Saint Kuriakose Elias Chavara, CMI (10 February 1805 – 3 January 1871) was an Indian Catholic priest, religious, philosopher and social reformer. He is the first canonised Catholic male saint of Indian origin and was a member of the Syro-Malabar Church, an Eastern Catholic church.
He was the co-founder and first Prior General of the Carmelites of Mary Immaculate (CMI), the first religious congregation for men in the Syro-Malabar Church. The Congregation of the Mother of Carmel (CMC), originally known as the Third Order of Discalced Carmelites (TOCD), was founded by St Kuriakose Elias Chavara in 1866 in Kerala.

==Early life==
Kuriakose Elias Chavara was born on 10 February 1805 at Kainakary, Kerala in a Nasrani Christian family as the son of Iko (Kuriakose) Chavara and Mariam Thoppil. Nasranis are Saint Thomas Christians (also known as Syriac Christians) who trace their lineage to the ancient Christians of Kerala baptised by Thomas the Apostle.

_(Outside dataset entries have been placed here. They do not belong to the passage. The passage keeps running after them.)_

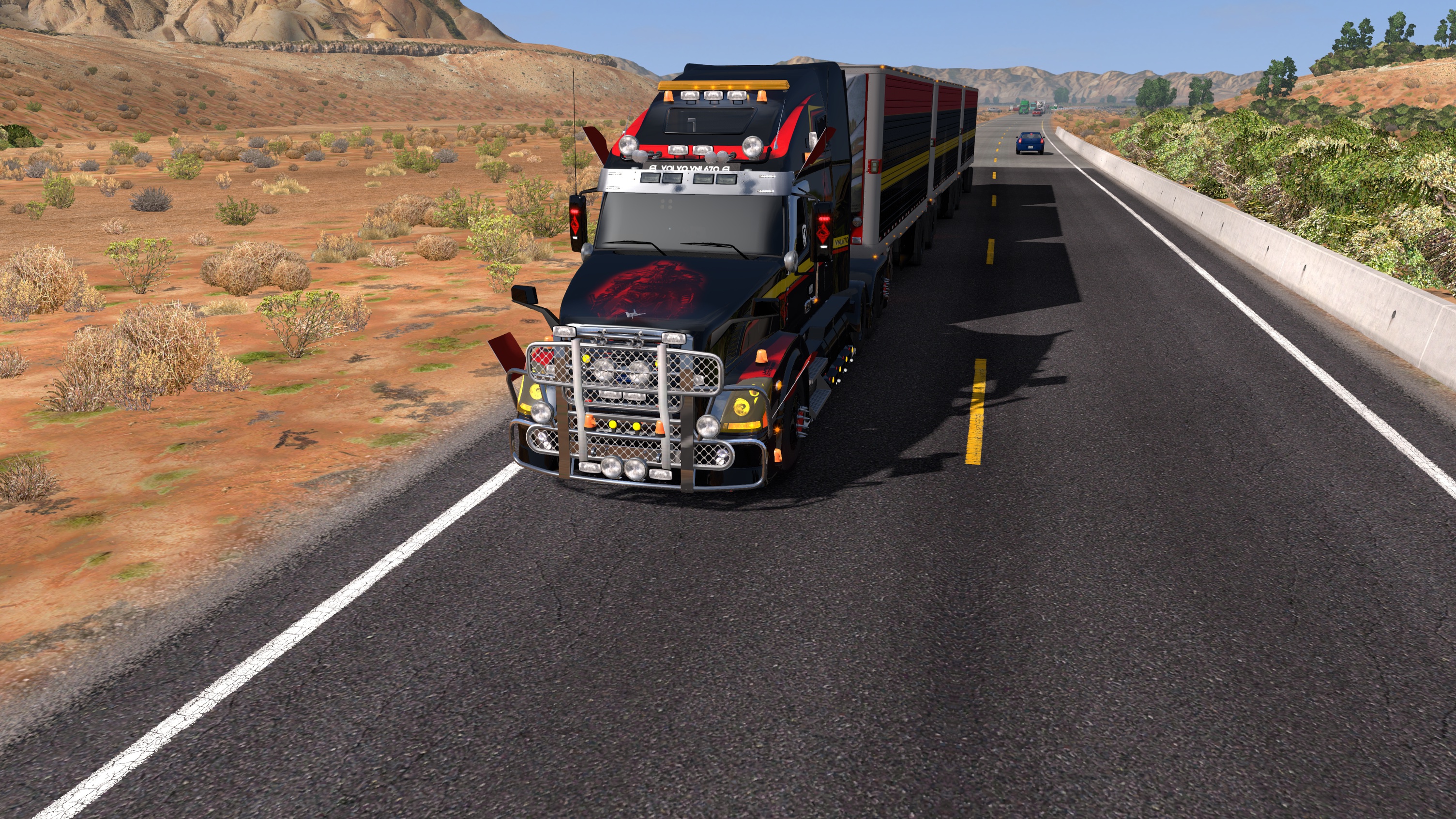 Image by Yankee_Delta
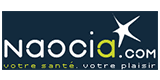Codes Promo Parapharmacie Naocia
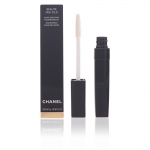 Chanel - BEAUTE DES CILS base mascara 6 gr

The name Kuriakose is derived from the Syriac Aramaic name ܩܘܪܝܩܘܣ (Quriaqos). He was baptised on 18 February 1805 at St. Joseph's Syro-Malabar Catholic Church, Chennamkary. On 8 September 1805, Chavara was dedicated to Blessed Virgin Mary at St. Mary's Church, Vechoor. The Chavara family has derived from the ancient Nasrani family Meenappally in Kainakary.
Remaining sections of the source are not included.